The notice indicates that meals are still 50 percent deductible if they meet all of the following requirements:

  • The meal is an ordinary and necessary business expense under Section 162(a) paid or incurred during the taxable year.
  • The meal is not lavish or extravagant under the circumstances.
  • The taxpayer or an employee of the taxpayer is present when the meal is furnished.
  • The meal is provided to a current customer, prospect, consultant or similar business contact.
  • Any meal provided in conjunction with an entertainment activity must have a separately stated cost on the invoice/receipt. The entertainment disallowance rule cannot be circumvented by artificially inflating the cost of the meal.

Notice 2018-76 examples make it clear that even a meal provided at a baseball or basketball game can be deducted assuming the cost is separately stated.

The IRS has requested that any comments on the notice be submitted by Dec. 2, 2018. 
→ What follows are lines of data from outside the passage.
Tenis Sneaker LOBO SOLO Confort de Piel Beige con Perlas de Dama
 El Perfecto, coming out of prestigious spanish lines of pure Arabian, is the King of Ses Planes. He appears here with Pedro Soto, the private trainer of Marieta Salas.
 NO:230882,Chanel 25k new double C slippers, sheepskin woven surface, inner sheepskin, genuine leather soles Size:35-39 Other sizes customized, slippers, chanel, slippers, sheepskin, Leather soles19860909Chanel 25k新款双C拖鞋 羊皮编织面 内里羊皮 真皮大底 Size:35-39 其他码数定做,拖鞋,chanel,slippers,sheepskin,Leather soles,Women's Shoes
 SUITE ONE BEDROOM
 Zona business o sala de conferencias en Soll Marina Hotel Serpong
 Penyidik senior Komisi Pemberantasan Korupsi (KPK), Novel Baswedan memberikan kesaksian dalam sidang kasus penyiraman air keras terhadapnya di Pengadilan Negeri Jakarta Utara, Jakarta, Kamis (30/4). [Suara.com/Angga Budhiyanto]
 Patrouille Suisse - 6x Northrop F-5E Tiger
TIGTA Report: Increased Risk of a Delayed Start of the 2019 Filing Season

The Tax Cuts and Jobs Act of 2017 is the first major tax reform legislation in more than 30 years. The IRS has worked diligently all year to implement these tax law changes, which includes creating and revising about 450 forms, publications and instructions. However, the Treasury Inspector General for Tax Administration (TIGTA) recently reported that the IRS’ missed internal deadlines, staffing issues and a shorter testing cycle may cause a delayed start in the upcoming filing season.